むろん、テレビ局員や不動産屋をかたるには、相応の知識は必要であるし、そのように見えるマイク、腕章、携帯ノートなどの小道具も必要である。

実際の団体や、警察や公務員をかたると犯罪なので絶対に行なってはならない。架空の団体をかたることも行動がいきすぎれば軽犯罪となるので要注意である。

諜報員や探偵がやっているようなことは、素人が容易にできるものではない。もちろん、探偵のように動こうというビジネスパーソンも少ないだろう。

しかし、ターゲットからなるべく遠い人から攻めるというのは参考になる。

そして、むしろ重要なことは、世にはこうして情報を集めている諜報員や探偵が存在しているという事実をセルフディフェンスの視点から知っておくことである。

フィーリングを相手に合わせられるか

ビジネスパーソンが相手にアプローチしたいならば相手を敬い、真心をつくして接するのが基本である。

相手のことを公開情報で調べて、相手がどんなことに関心を持っているか明らかにし、相手の気持ちを考えて、相手にとって自分が会ってみたいと思える人物であるかを考えてみる。

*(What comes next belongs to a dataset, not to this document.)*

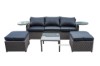 Picture of [FLOOR MODEL CLEARANCE] LEON Outdoor Lounge Wicker Sofa Set with 2 Rotating Glass Table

相手を理解し、相手の趣味や家族に寄り添うことができるなら、趣味サークルや子供の関係から、良好な交際や核心の情報を得るためのコミュニケーションのチャンスは得られる。

相手が会いたくなる人とは、どんな人か。

自分が知らない情報を持っている人、人脈を持っている人、会って退屈しない人、安心できる人、温かい人、感情の豊かな人、聞き上手な人、挙げればきりがないが一言ではフィーリングを相手に合わせられる人である。

諜報員はフィーリングを合わせているのである。そのため、ターゲットをよくよく事前研究しており、弱みや強みを把握している。強みは賞賛し、弱みは親身になって聞く、ということを行なっている。